WORK INSTRUCTIONS: The answer must be a single number: how many lines in the entries below contain the word "going".

THE DATA:
——————————

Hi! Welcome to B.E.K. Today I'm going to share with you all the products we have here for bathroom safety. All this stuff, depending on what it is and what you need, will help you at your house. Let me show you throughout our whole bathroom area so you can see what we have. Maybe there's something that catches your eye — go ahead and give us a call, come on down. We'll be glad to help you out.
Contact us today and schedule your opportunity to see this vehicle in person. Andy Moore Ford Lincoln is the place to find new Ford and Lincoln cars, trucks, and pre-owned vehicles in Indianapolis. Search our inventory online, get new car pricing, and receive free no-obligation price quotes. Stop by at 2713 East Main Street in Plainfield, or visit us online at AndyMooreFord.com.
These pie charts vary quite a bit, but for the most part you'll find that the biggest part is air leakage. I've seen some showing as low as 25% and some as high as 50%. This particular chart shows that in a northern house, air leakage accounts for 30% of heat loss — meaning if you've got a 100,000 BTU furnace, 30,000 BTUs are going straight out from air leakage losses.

——————————

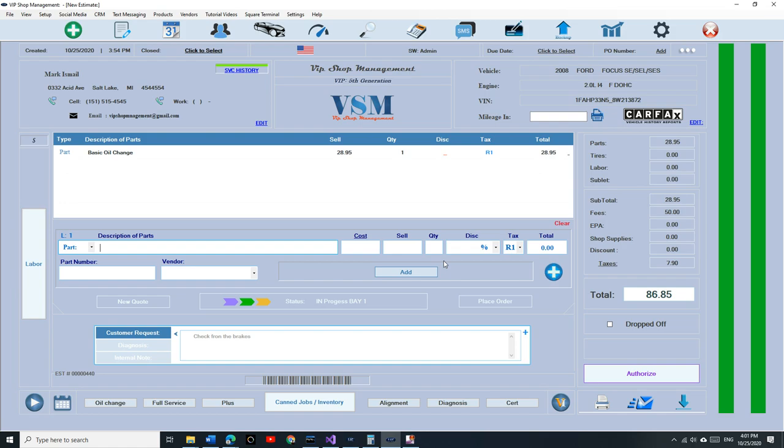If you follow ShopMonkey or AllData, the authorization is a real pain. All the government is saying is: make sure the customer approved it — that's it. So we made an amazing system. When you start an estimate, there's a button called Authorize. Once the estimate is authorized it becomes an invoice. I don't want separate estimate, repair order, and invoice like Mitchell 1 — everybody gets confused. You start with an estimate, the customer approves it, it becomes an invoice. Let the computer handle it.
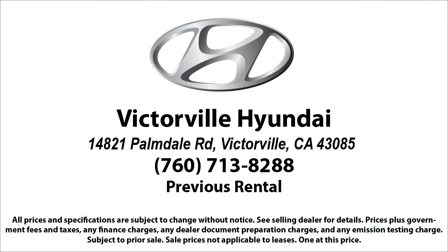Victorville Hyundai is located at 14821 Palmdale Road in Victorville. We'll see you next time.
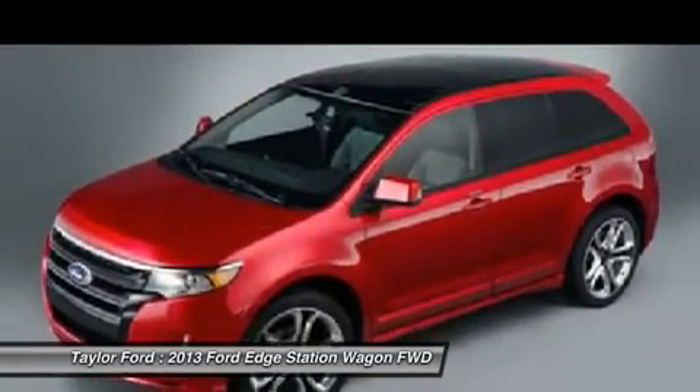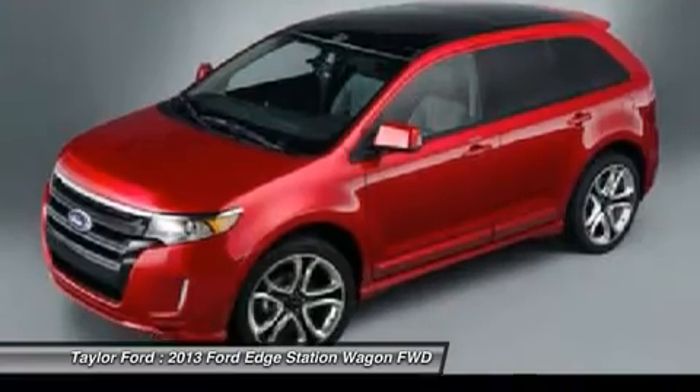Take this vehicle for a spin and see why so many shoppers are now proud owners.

——————————

TASK RESULT: 2